Task item:
In the data below, find the line containing "Short Trails With Surprisingly Big Payoffs Short" and the line containing "イングリッシュガーデン 切り花 初夏 夏", then reproduce them and every line between, exactly. Omit pictures.

Supplied material:
----------

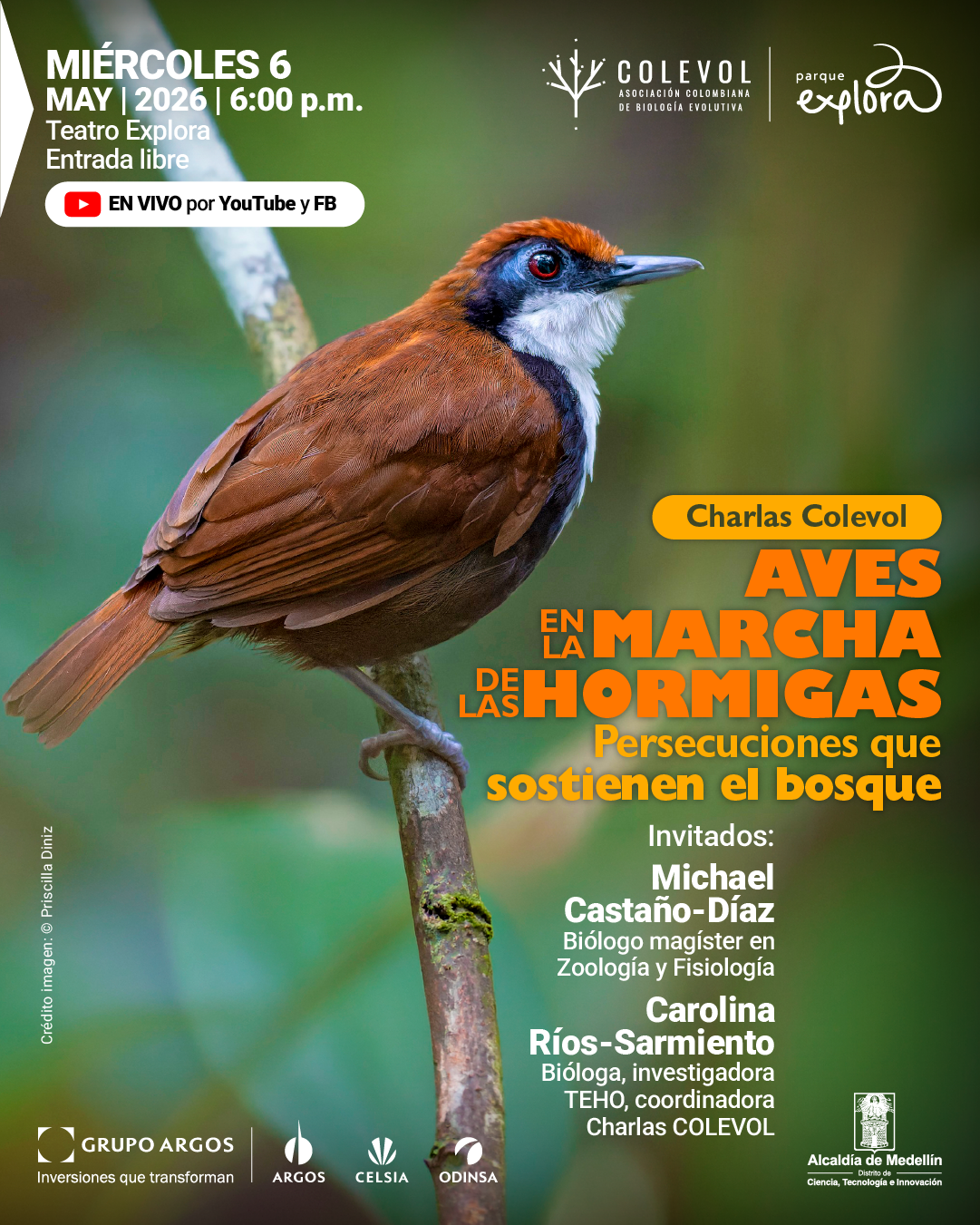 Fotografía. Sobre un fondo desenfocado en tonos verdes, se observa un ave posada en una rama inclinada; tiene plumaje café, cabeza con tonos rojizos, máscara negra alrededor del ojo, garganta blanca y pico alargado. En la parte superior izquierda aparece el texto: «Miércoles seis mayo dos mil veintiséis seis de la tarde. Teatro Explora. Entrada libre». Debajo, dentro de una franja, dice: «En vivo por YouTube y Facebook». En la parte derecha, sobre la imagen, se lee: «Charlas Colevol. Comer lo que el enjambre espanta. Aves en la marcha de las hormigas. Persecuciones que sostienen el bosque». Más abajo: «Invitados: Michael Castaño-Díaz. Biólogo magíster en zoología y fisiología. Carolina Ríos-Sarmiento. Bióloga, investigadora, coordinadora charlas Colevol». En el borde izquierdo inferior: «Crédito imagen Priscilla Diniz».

----------

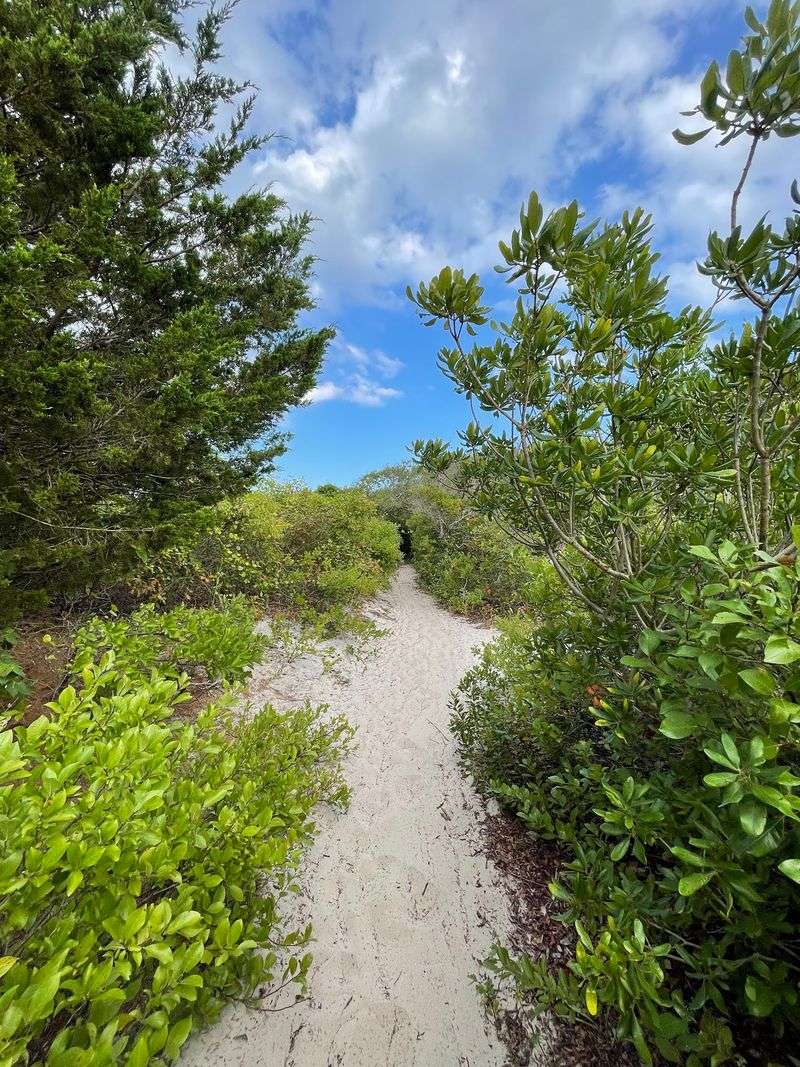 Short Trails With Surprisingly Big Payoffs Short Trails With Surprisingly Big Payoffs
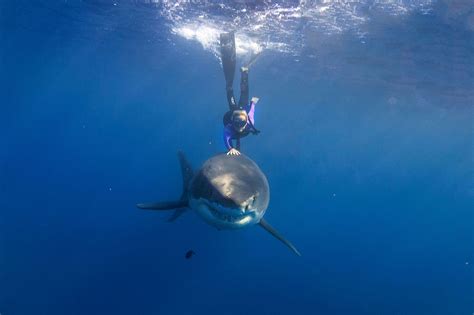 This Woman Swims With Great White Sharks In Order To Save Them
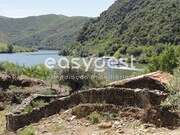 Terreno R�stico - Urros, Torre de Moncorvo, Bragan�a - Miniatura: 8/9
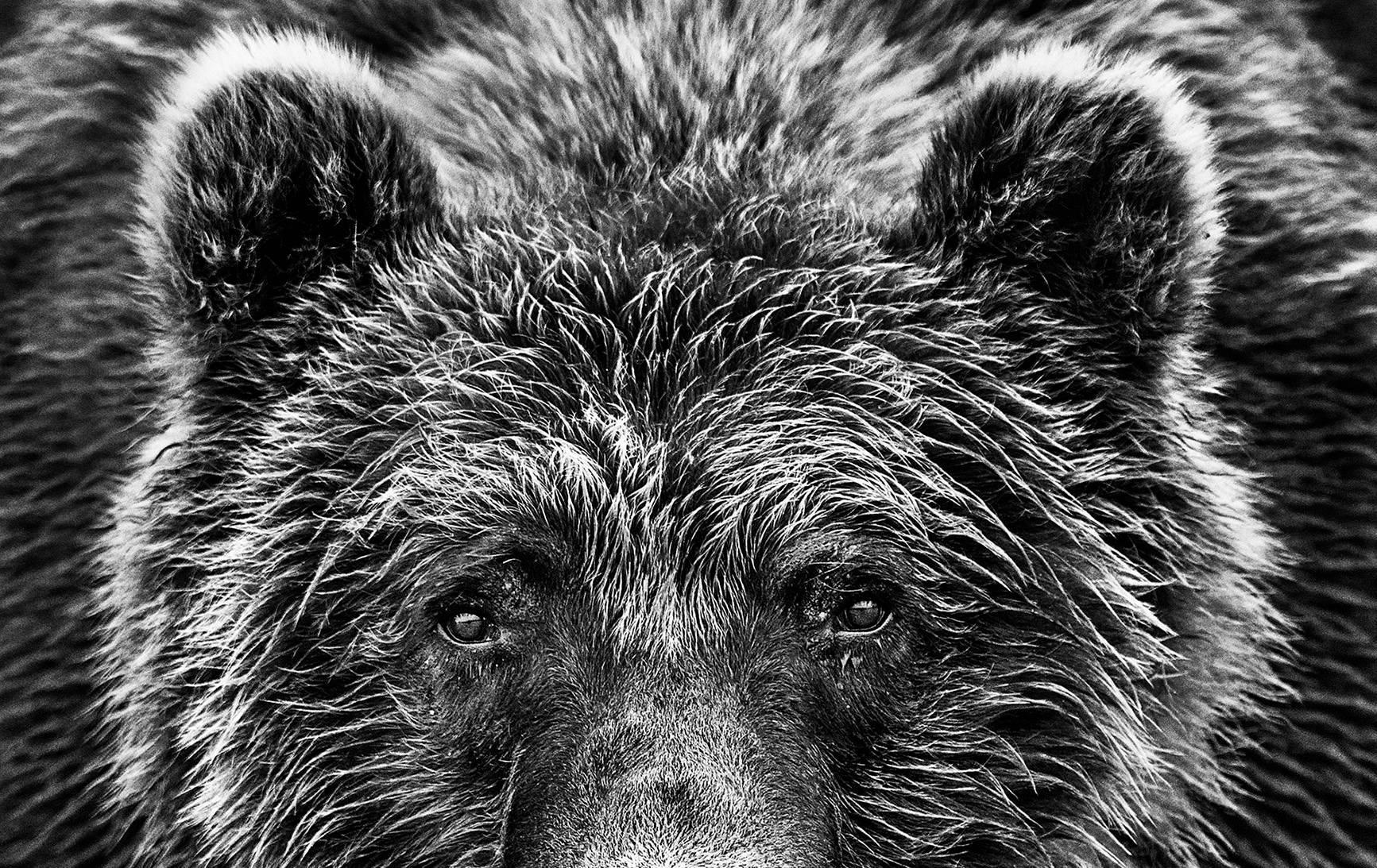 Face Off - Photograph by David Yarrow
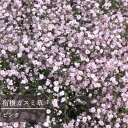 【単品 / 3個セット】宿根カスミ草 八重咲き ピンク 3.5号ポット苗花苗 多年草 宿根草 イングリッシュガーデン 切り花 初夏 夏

----------

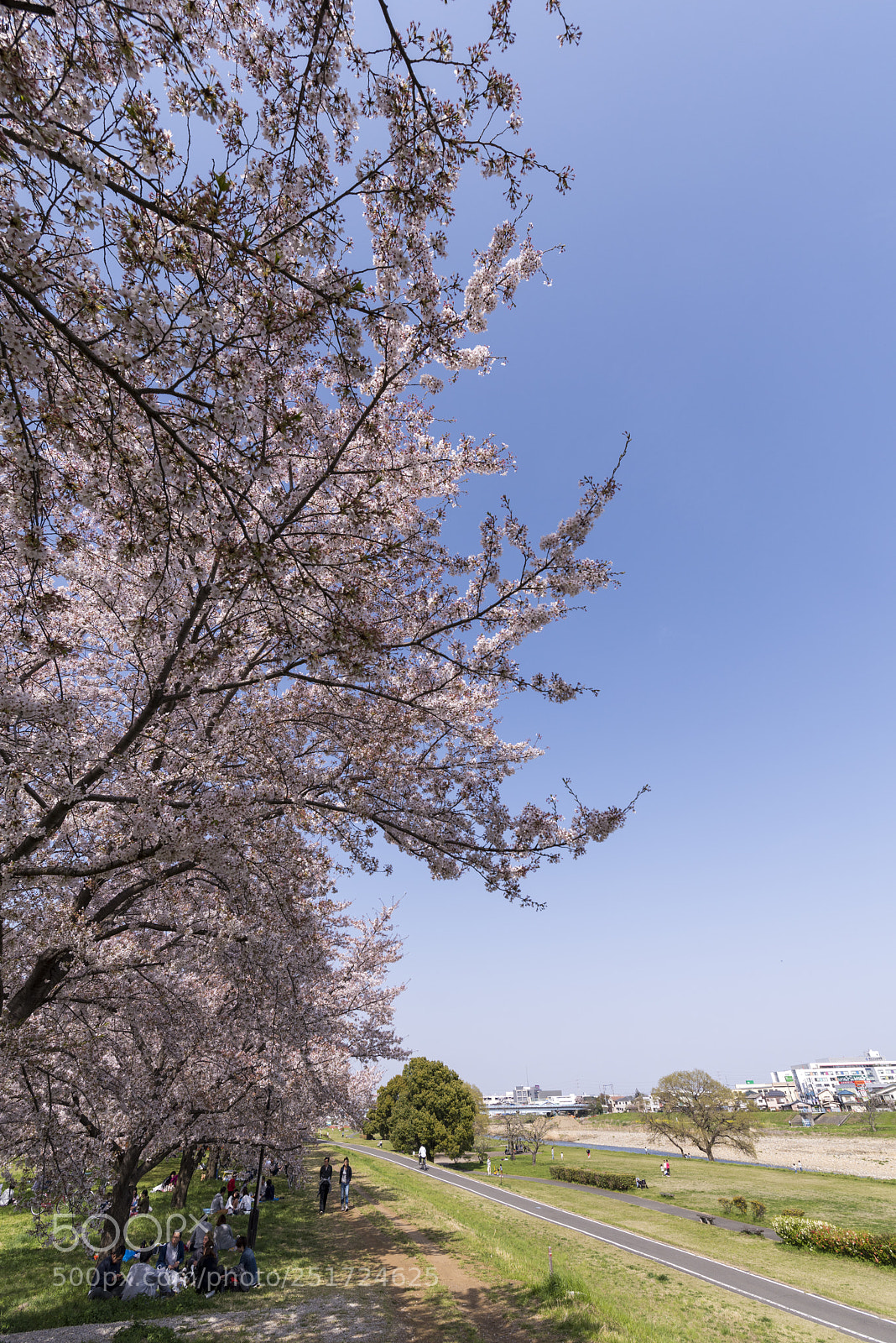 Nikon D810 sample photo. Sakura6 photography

----------

Reply to the exercise:
 Short Trails With Surprisingly Big Payoffs Short Trails With Surprisingly Big Payoffs
 This Woman Swims With Great White Sharks In Order To Save Them
 Terreno R�stico - Urros, Torre de Moncorvo, Bragan�a - Miniatura: 8/9
 Face Off - Photograph by David Yarrow
 【単品 / 3個セット】宿根カスミ草 八重咲き ピンク 3.5号ポット苗花苗 多年草 宿根草 イングリッシュガーデン 切り花 初夏 夏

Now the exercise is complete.